When people first start to get interested in philosophy, something that most do is to try and develop or hone some good critical thinking skills. It’s important to know when you’re being bullshitted. And it’s important to understand what it is to have deductive validity.
A problem that occurs all too often is that people realize the power of skeptical arguments and begin to abuse them by going about deducting everything that they encounter to a state where no knowledge can exist at all, while failing to recognize that even skepticism is a founded concept and a system which indeed does have objective properties. It may be true that we can’t measure the boundaries of the universe, but it simply doesn’t follow that there can be no knowledge or facts.
The problem that I see is that these pseudo-skeptics use strong skeptical arguments in order to assert thier views and negate those of others while resting on a foundation which will necessarily negate even what’s left once they “win” the argument given that the point of view of skepticm is taken further enough along.

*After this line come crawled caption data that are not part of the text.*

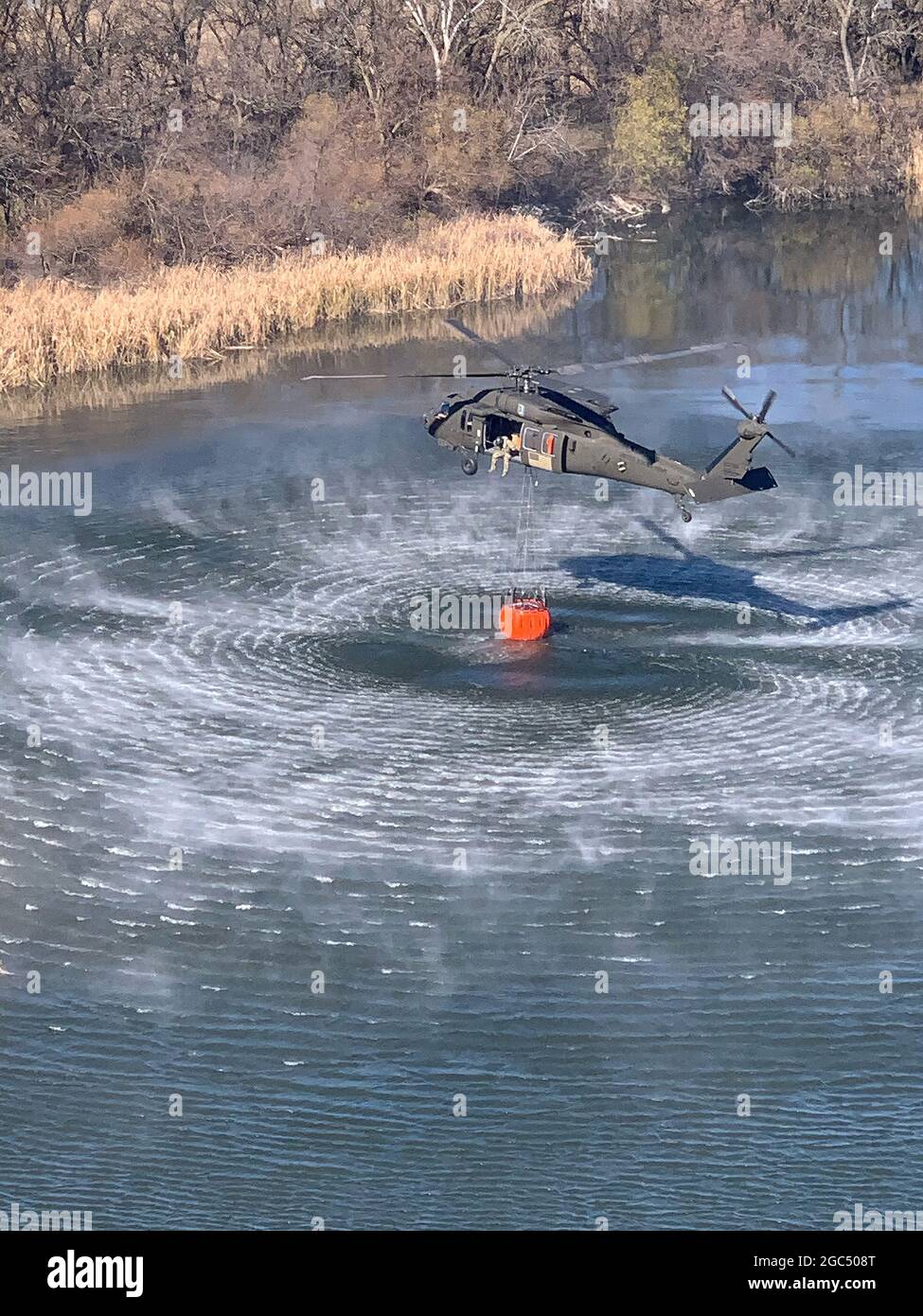 Military helicopter water pickup. Stock Photo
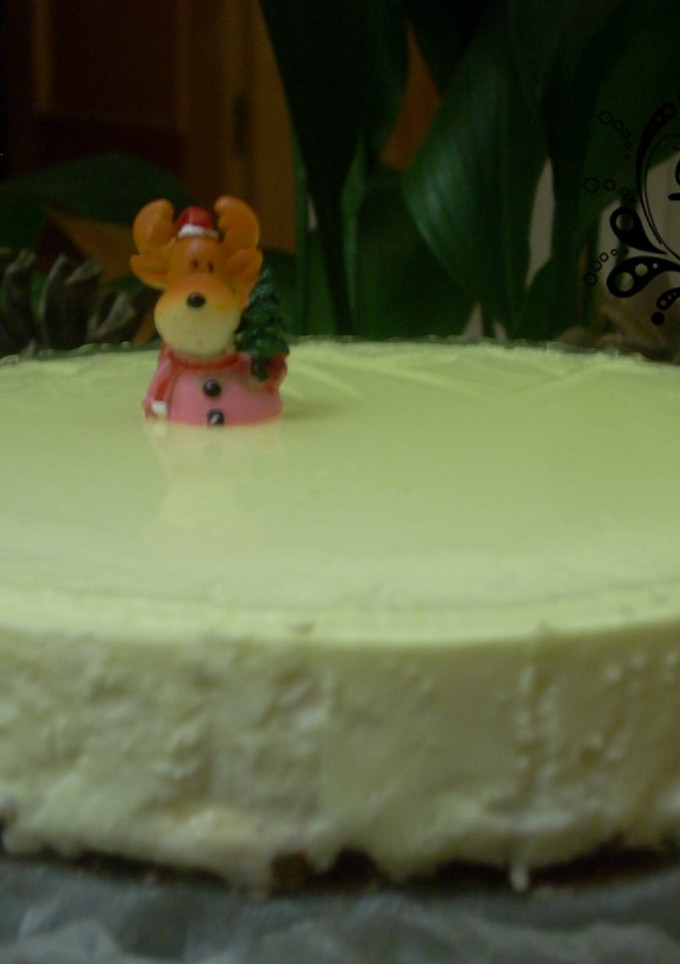 Una foto de Tarta de queso con licor de manzana y base crujiente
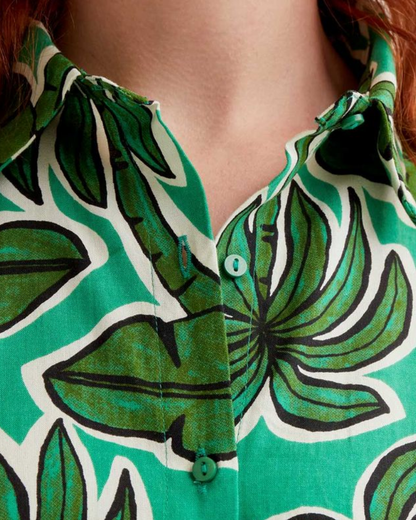 Close-up of a person wearing a green leaf-patterned shirt.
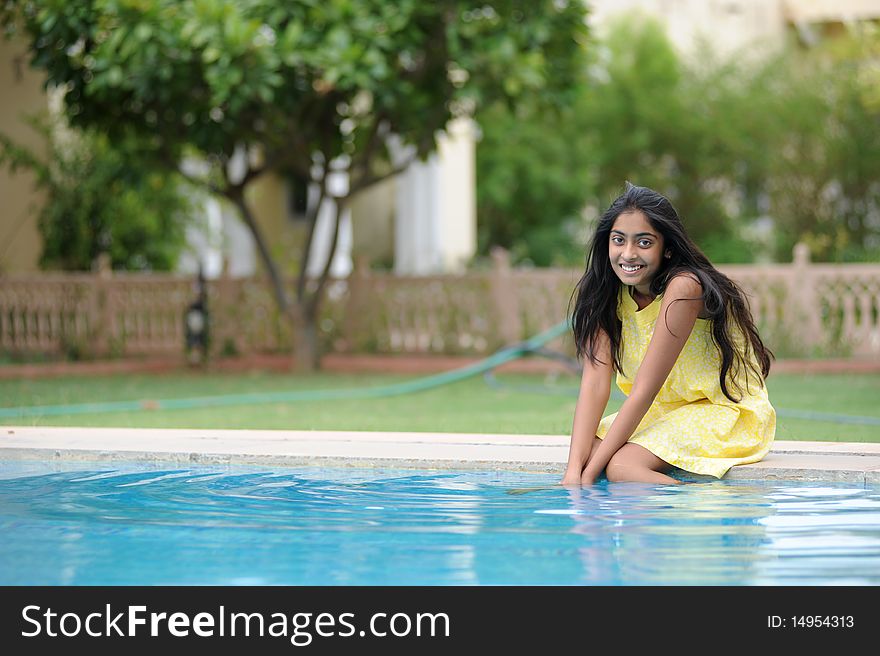Indian Girl enjoying summer at pool. Indian Girl enjoying summer at pool
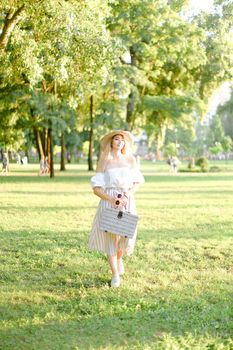 Young pretty girl walking in garden and keeping bag, sunglasses and hat. Concept of walking in park and summer fashion garb.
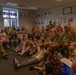 A group of U.S. Army soldiers in camouflage uniforms are visiting a school classroom, seated alongside a large group of children. A woman with curly hair, likely a teacher, is addressing the group while holding papers. The setting appears to be a European school based on the classroom decor and architectural style.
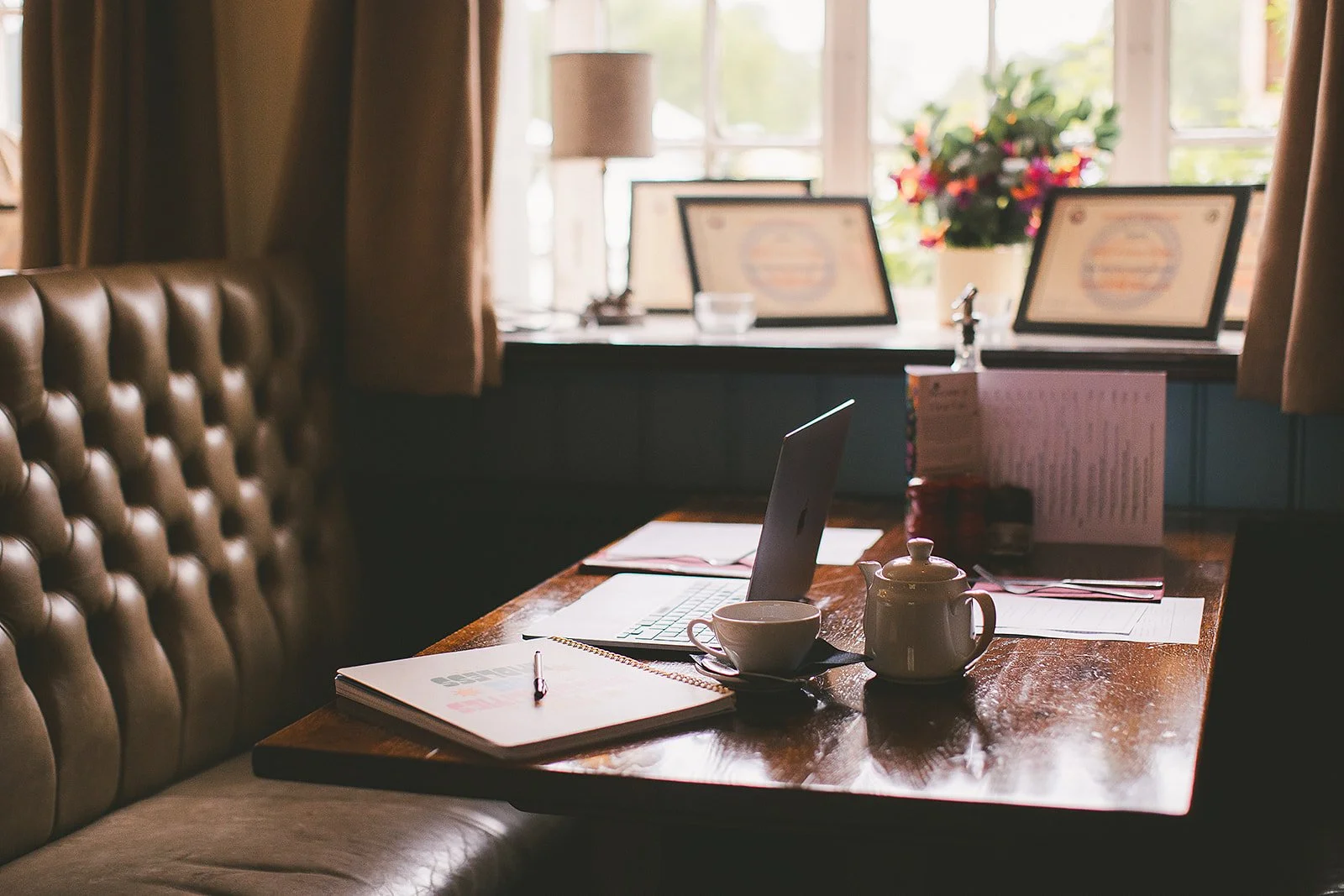 A laptop sits open next to a notebook and a pot of tea on a wooden dining table in front of a 16th century bay window
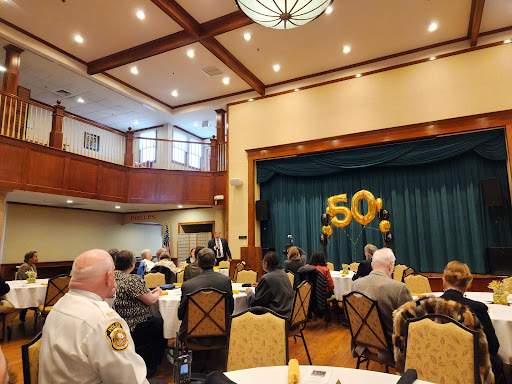 A gathering celebrating a significant 50th anniversary, with decorations and an engaged audience.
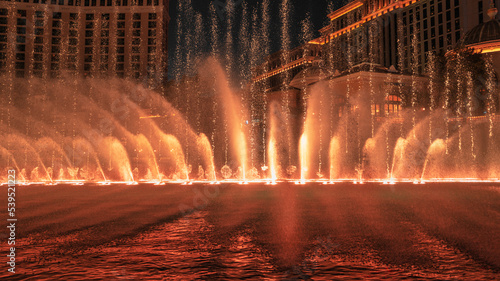 Las Vegas City Nightscape with red night water fountain display in Nevada, USA
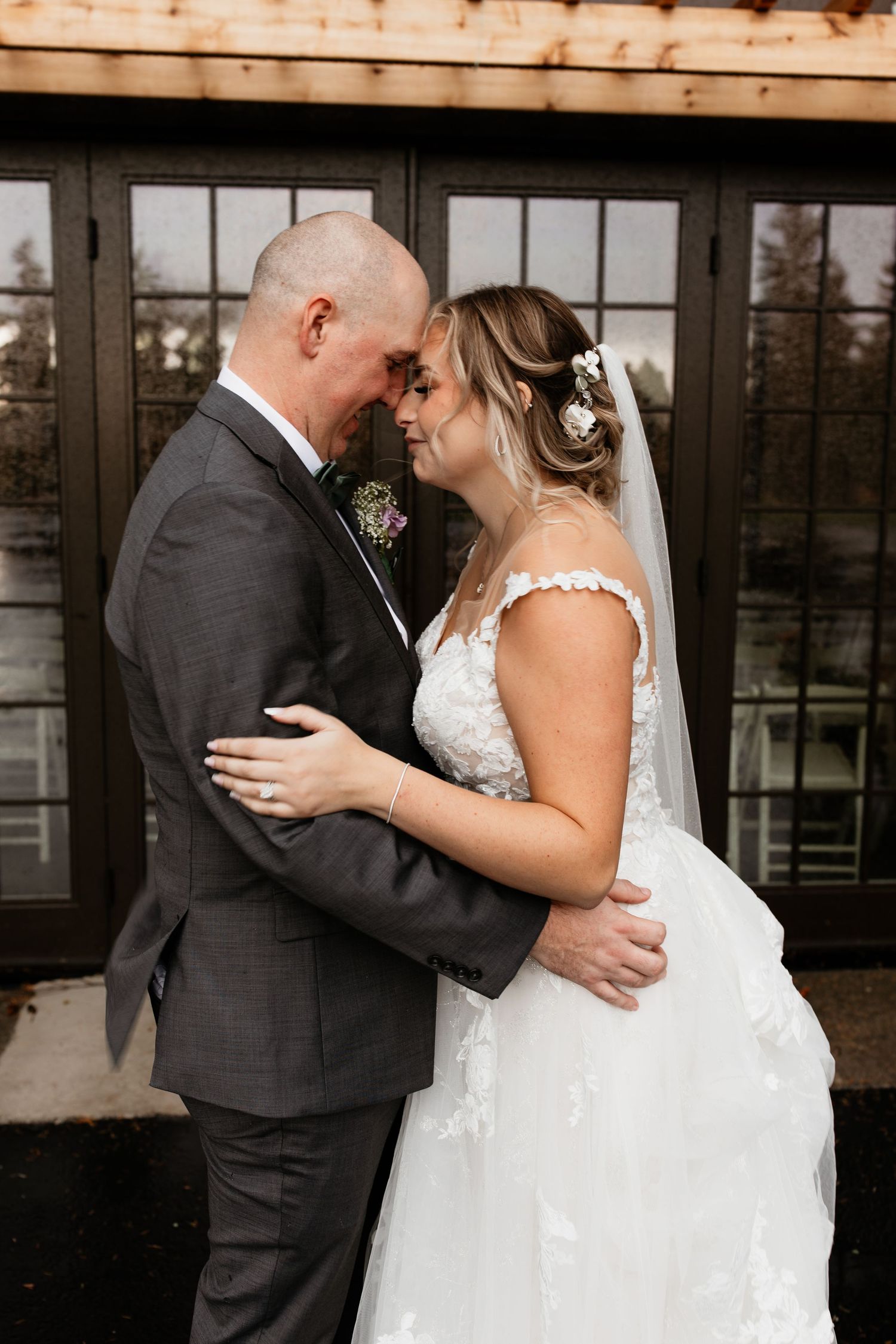 Bride and groom touching foreheads romantically while embracing outside their wedding venue.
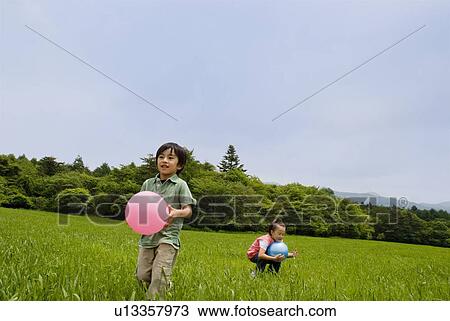 Children playing with balls View Large Photo Image Stock Image - Children playing with balls. Fotosearch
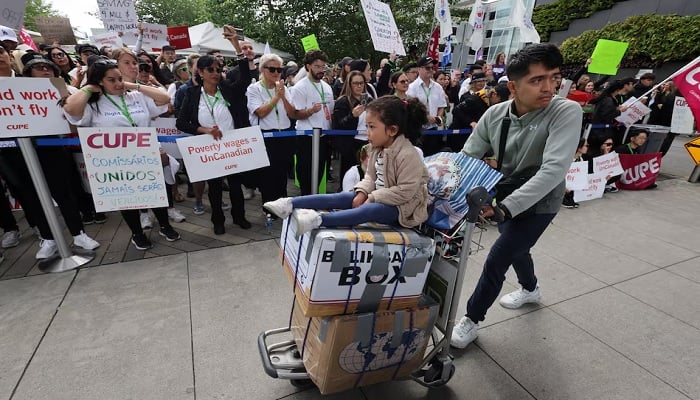 A man pushes a cart with a child seated atop boxes as Air Canada flight attendants said they will remain on strike and challenge a return-to-work order they called unconstitutional, defying a government decision to force them back to their duties, at Vancouver International Airport in Richmond, British Columbia, Canada, August 17, 2025.— Reuters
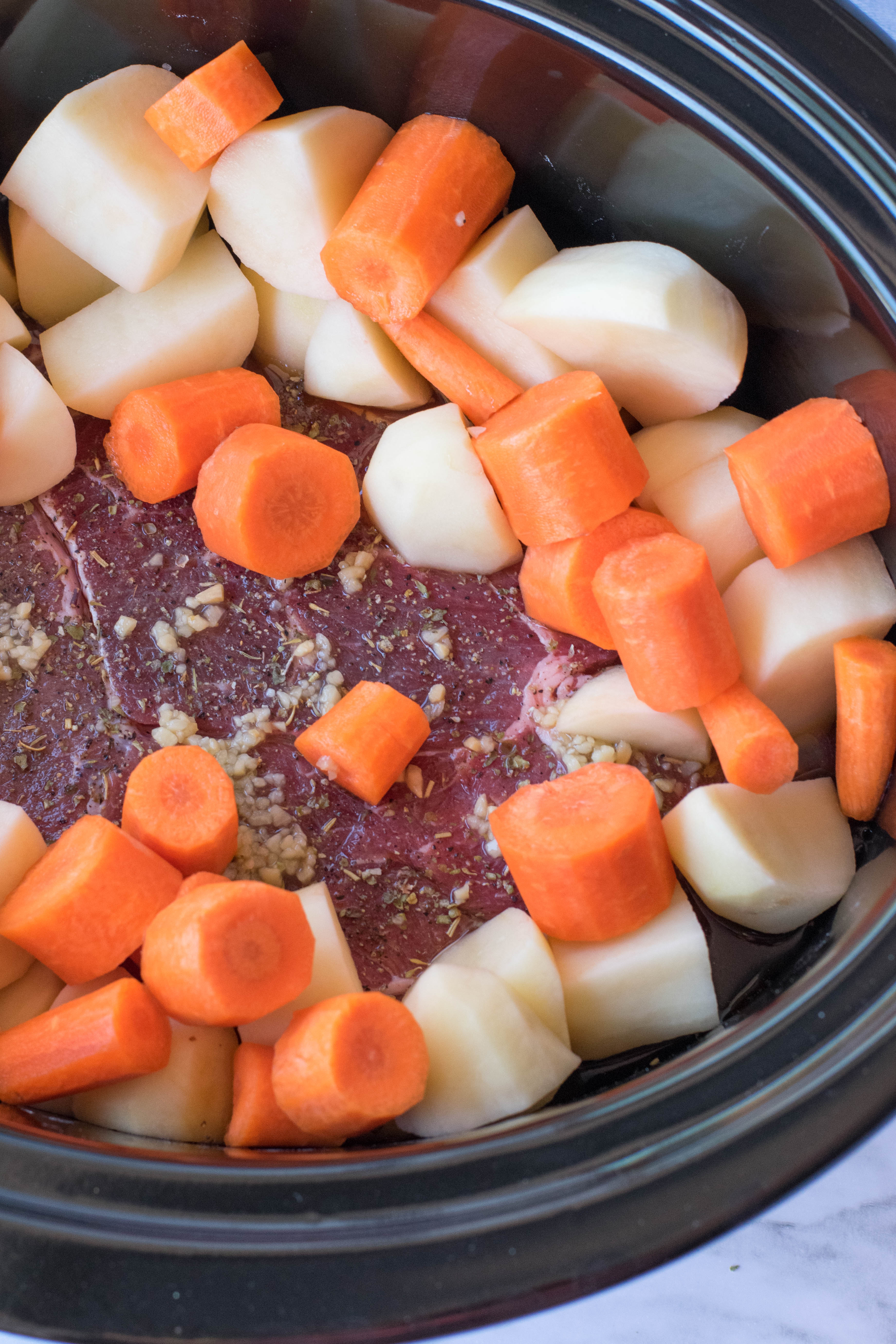 crock pot chuck roast in a black crock pot uncooked with chopped potatoes and carrots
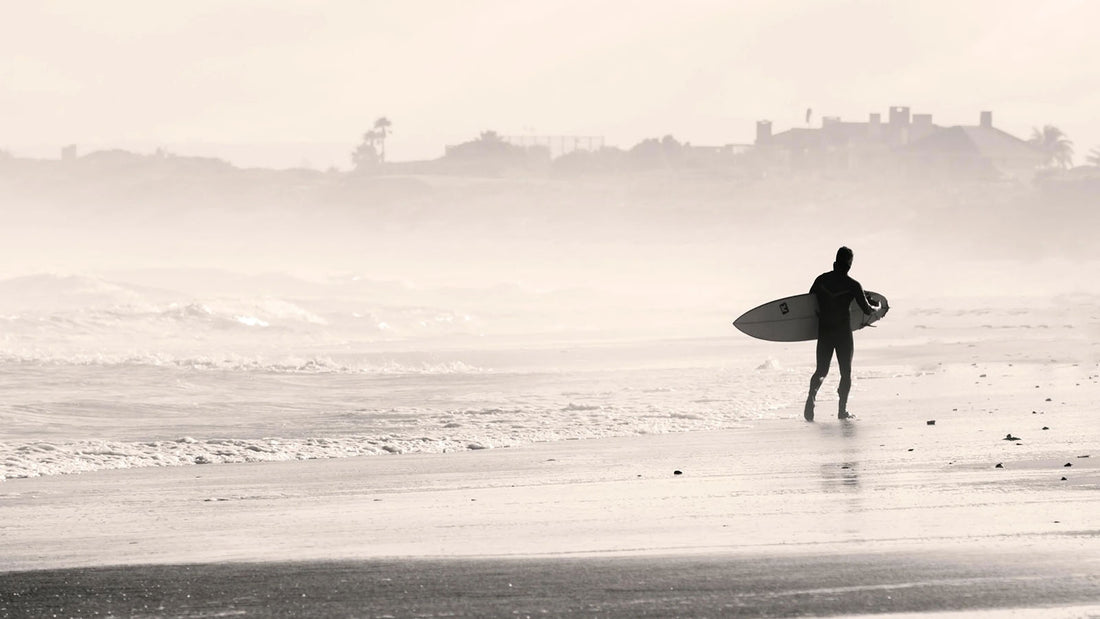surfer walking on a beach - Choosing Surfboards For Beginners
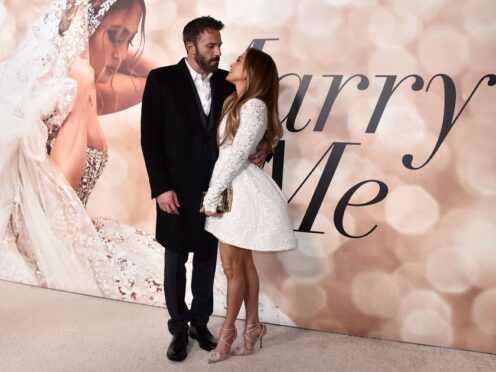 Jennifer Lopez has offered fans a ‘first peek’ at her wedding looks, after officially tying the knot earlier this month (Jordan Strauss/Invision/AP)
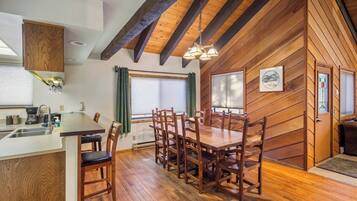 A wooden interior with a dining table and chairs, a kitchen area, and a window with curtains.
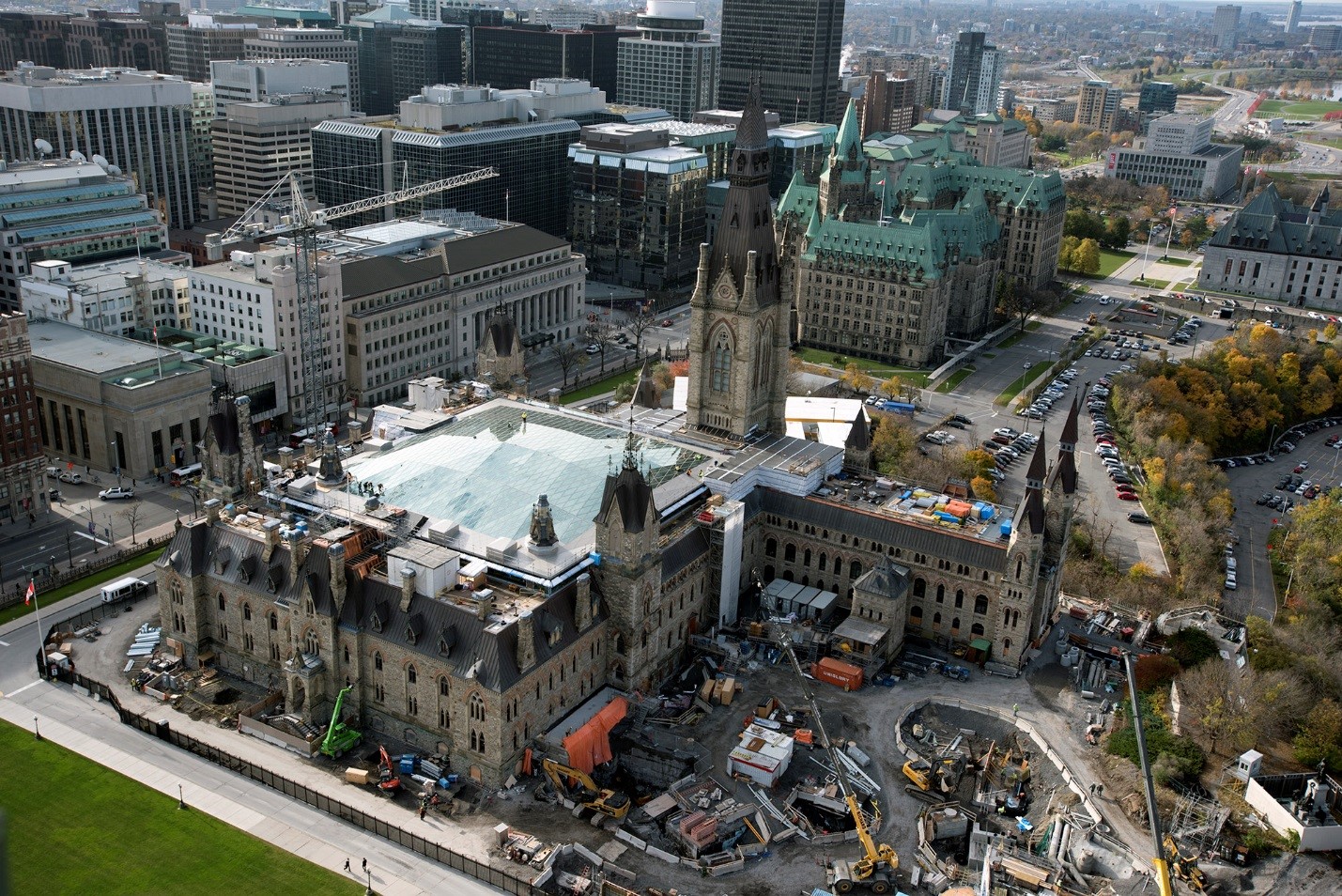 View enlarged image of an aerial photo of a building surrounded by construction vehicles and equipment.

Some extreme cases that I’ve seen have held such notions that we can’t even have proof of simple moorean facts. I would hope that any reasonable thinker would admit that he in fact is who he is and that if he’s looking at his hands that he would admit that there are two hands, belonging to him, right in front of him.
The fact is that most skeptical arguments can be properly ignored under most circumstances. The positive thinker, (and I’m not talking about optimism or making lemonade when life gives you lemons) will move right along constructing systems which will continue to blur the vision of most people who advocate this strong skeptcism. Ask any scientist and they will agree.
The skeptics will find themselves unemployed, or incarcerated or hungry or poor while screaming out that none of these things are real, or that none of it is fair because it’s all just a delusion and there can be no foundation for such things. What gets me the most about this is that they often dismiss postive constructivist metaphysics while clinging on to the notion that the “cosmos” are full of chaos. I ask myself what exactly is the distinction here between “acceptable” skeptical or nihilistic metaphysics and that of positivism? On what grounds do we throw out the system builders metaphysics while maintaining a justification for the metaphysics of “chaotic cosmos”.
Anyway, skepicism is dead. If you don’t beleive me, go sit on a train track and try and deduct the train away as it approaches. Tell is that it has no foundation in the cosmos and that you wont be subject to is because you think it’s built from a bunch of delusions about time, space and causation. You’ll see what I’m talking about.